Recorded data:

◆ ◆ ◆

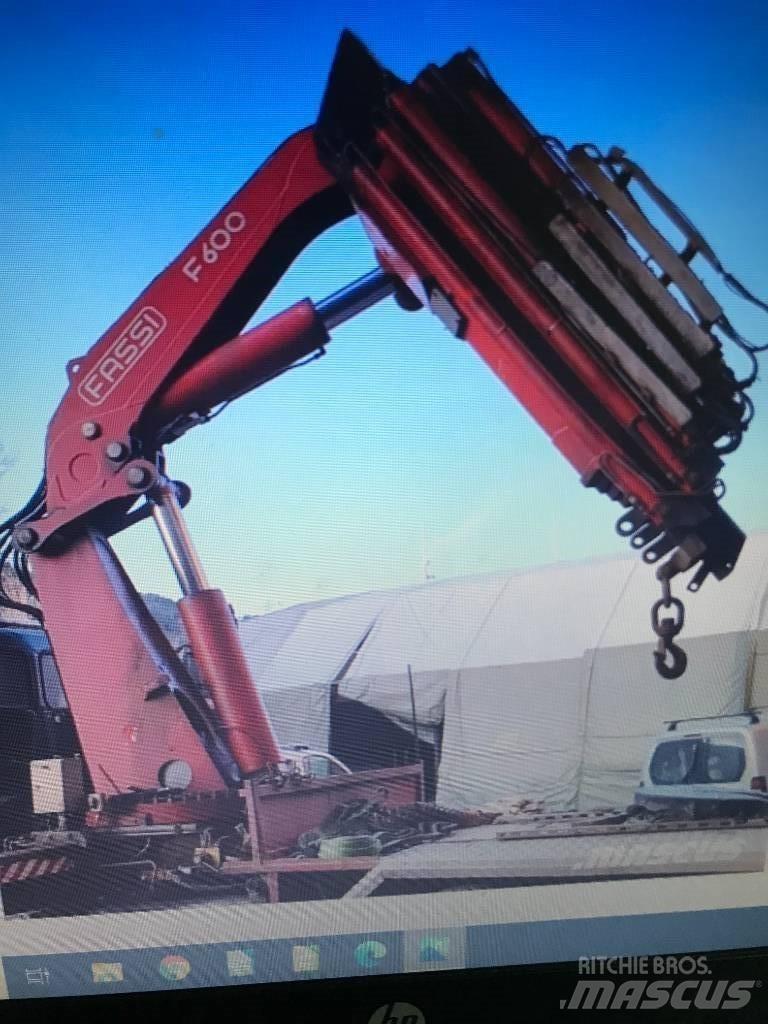 Fassi F600.27 Nakládací jeřáby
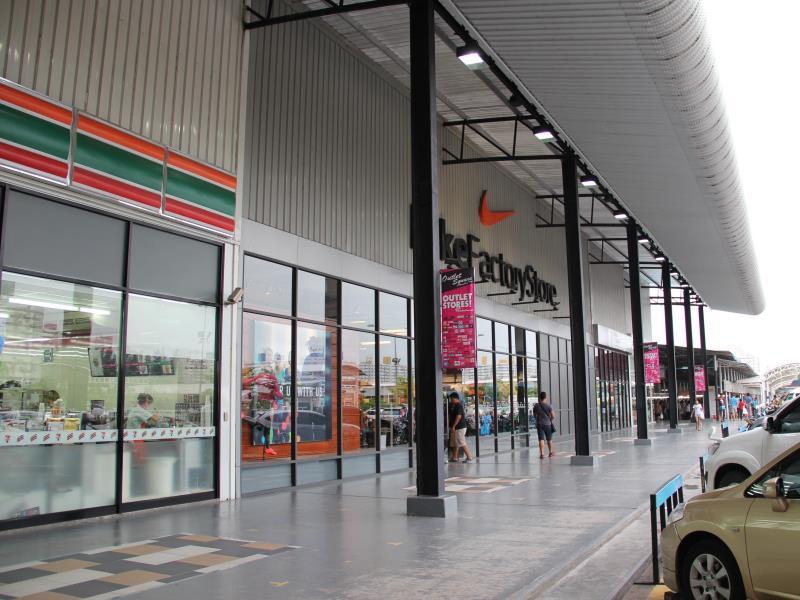 Photo of SK Muangthongthani Apartment hotel in Bangkok (and vicinity)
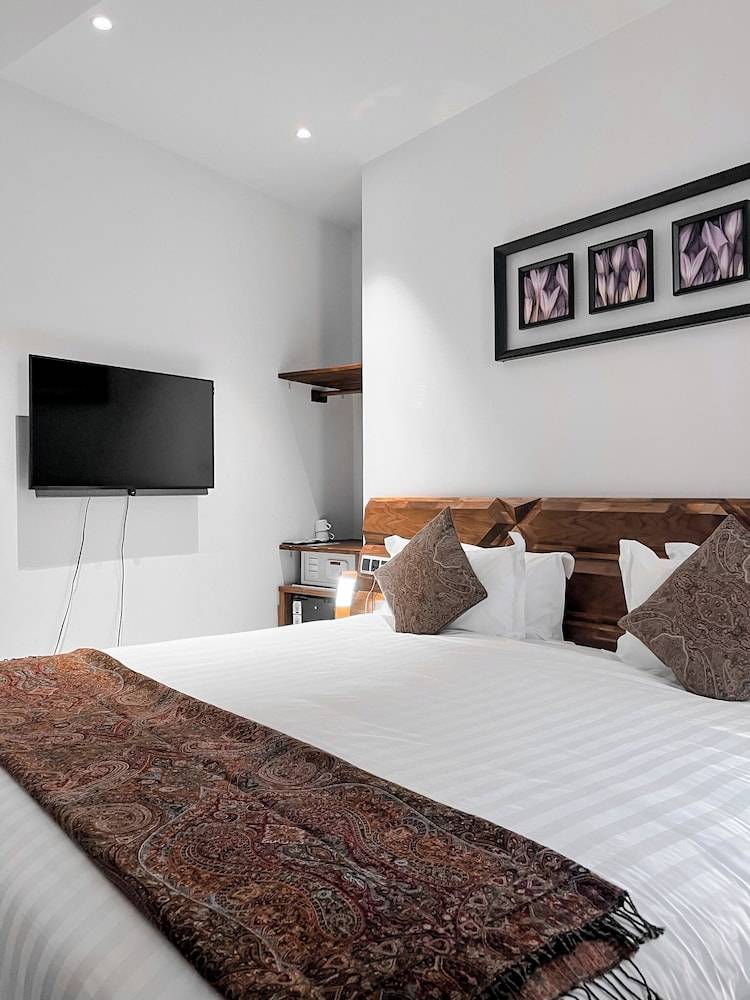 Anahita Boutique Hotel 2
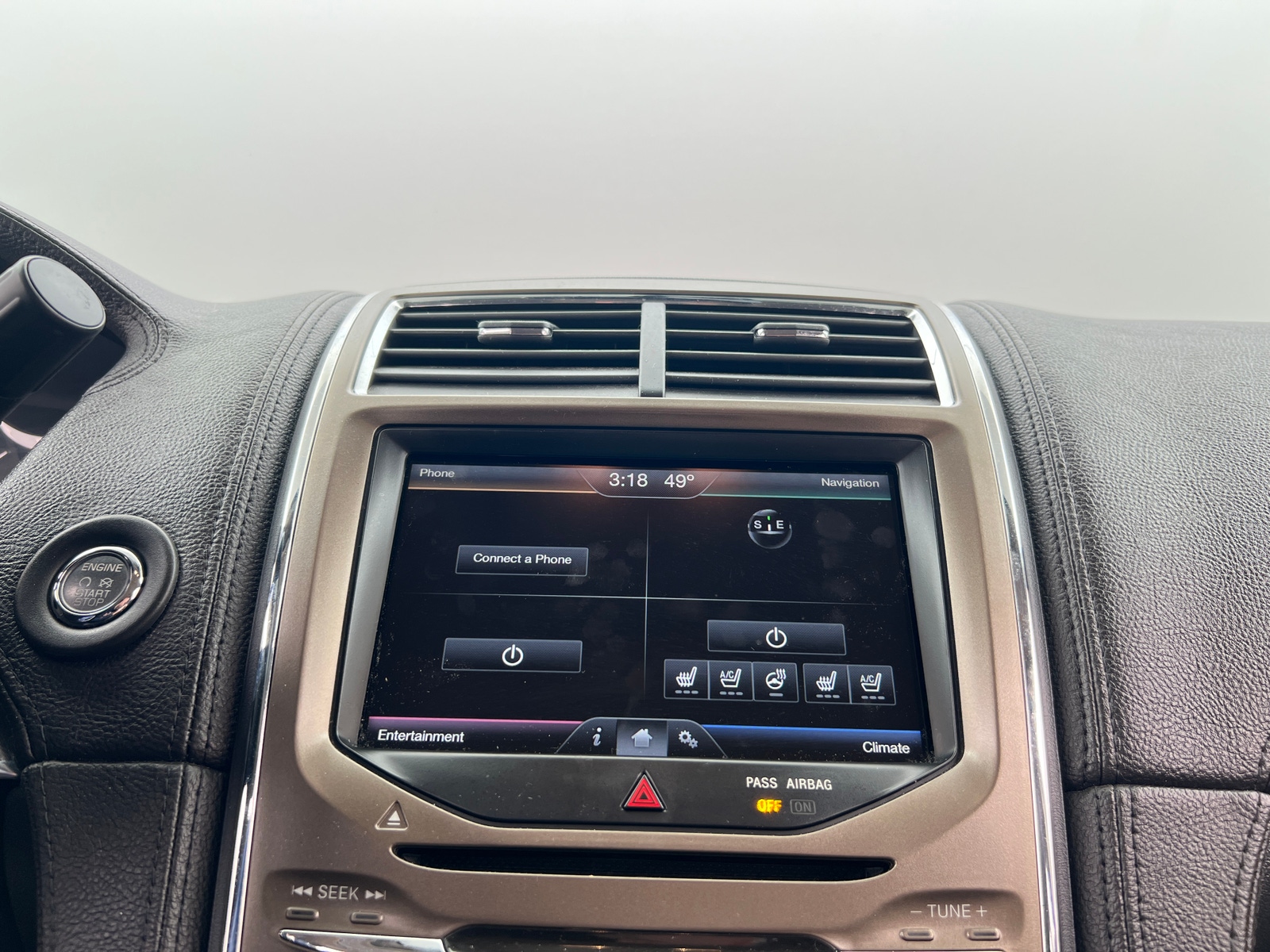 Thumbnail: 2015 Lincoln MKX - 3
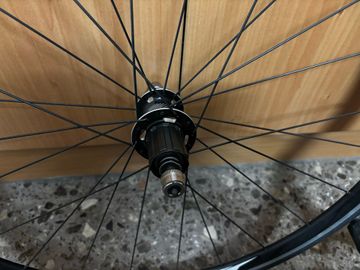 Used Bkool Rodillo bike — image 5 of 7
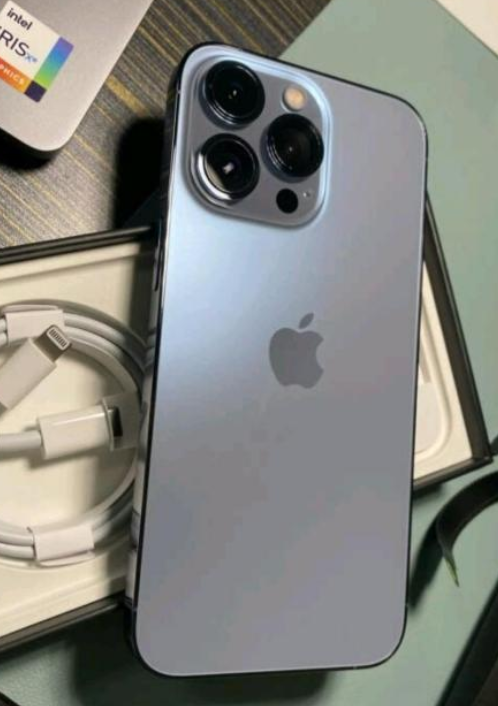 苹果iPhone 14Pro有望使用升级版4800万像素摄像头:可支持8K视频录制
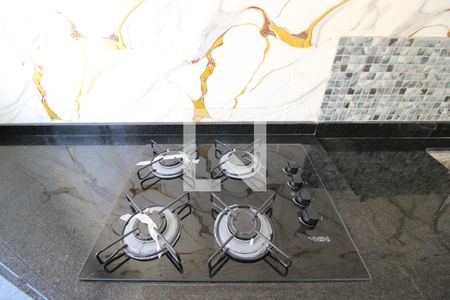 Sala / Cozinha de apartamento para alugar com 2 quartos, 44m² em Jardim Helian, São Paulo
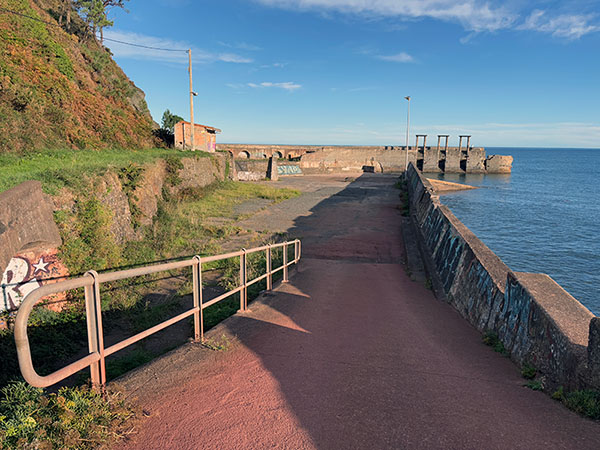 Muelle de LLumeres en Gozón en Asturias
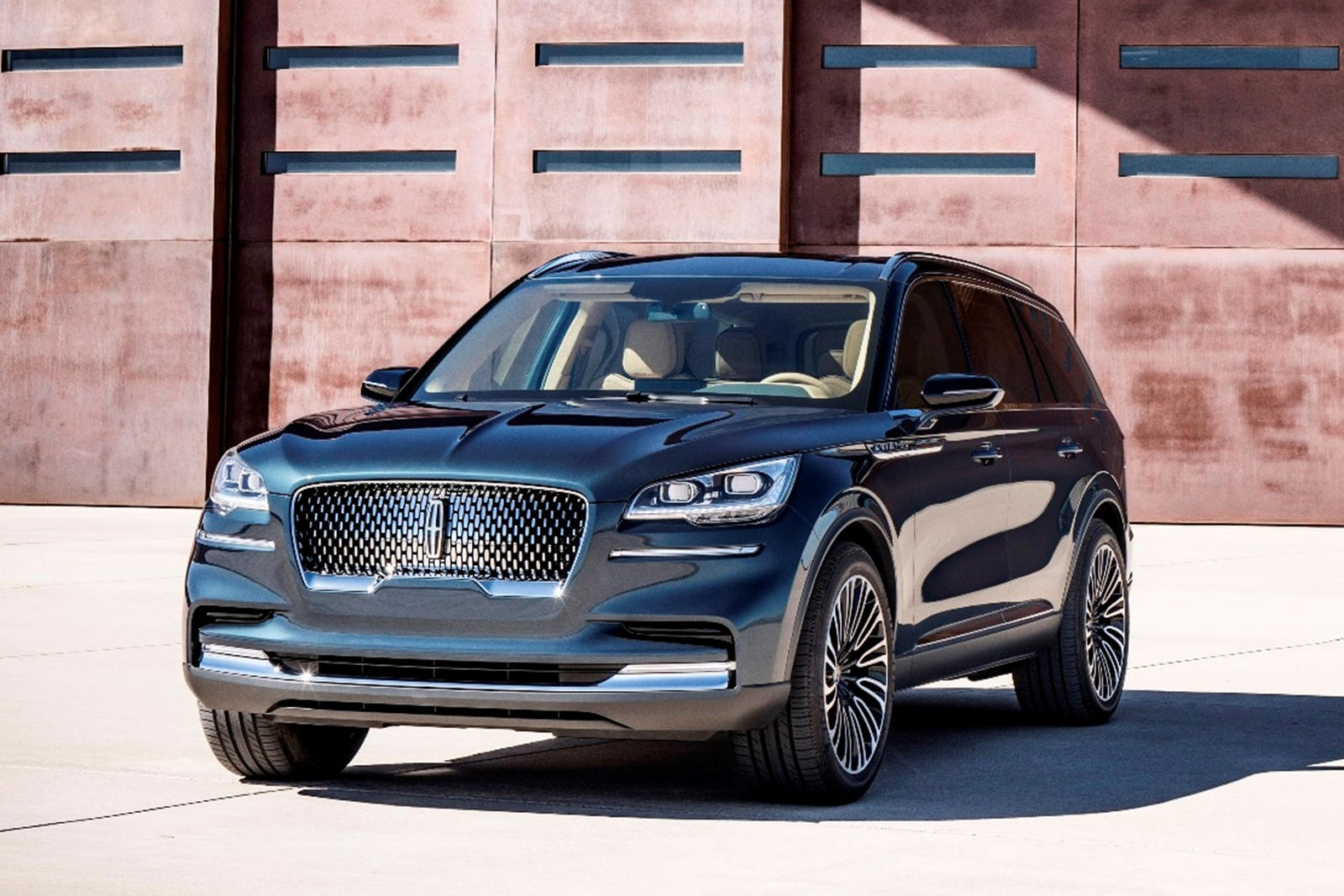 2022 Lincoln Aviator Review, Trims, Specs, Price, New Interior Features, Exterior Design, and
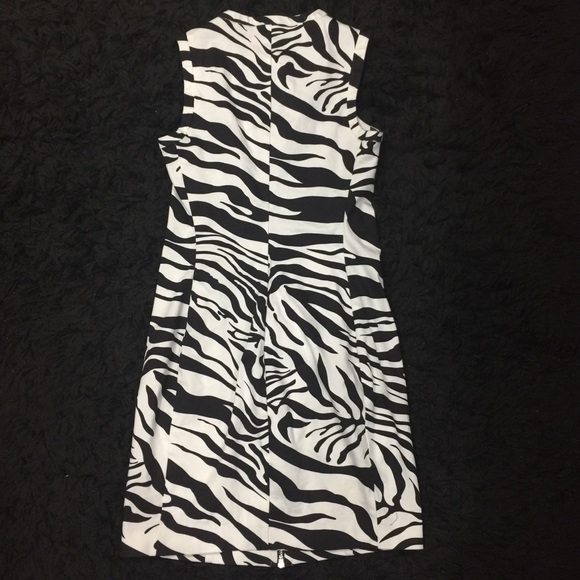 NWOT Cache Zebra Print Cocktail Dress - Picture 2 of 2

◆ ◆ ◆

__THE PROBLEM__: Reproduce exactly and only the lines from the one with "Muelle de LLumeres en Gozón en Asturias" through the final line of the records above, inclusive. Pictures must be left out.

__EXERCISE RESPONSE__:
 Muelle de LLumeres en Gozón en Asturias
 2022 Lincoln Aviator Review, Trims, Specs, Price, New Interior Features, Exterior Design, and
 NWOT Cache Zebra Print Cocktail Dress - Picture 2 of 2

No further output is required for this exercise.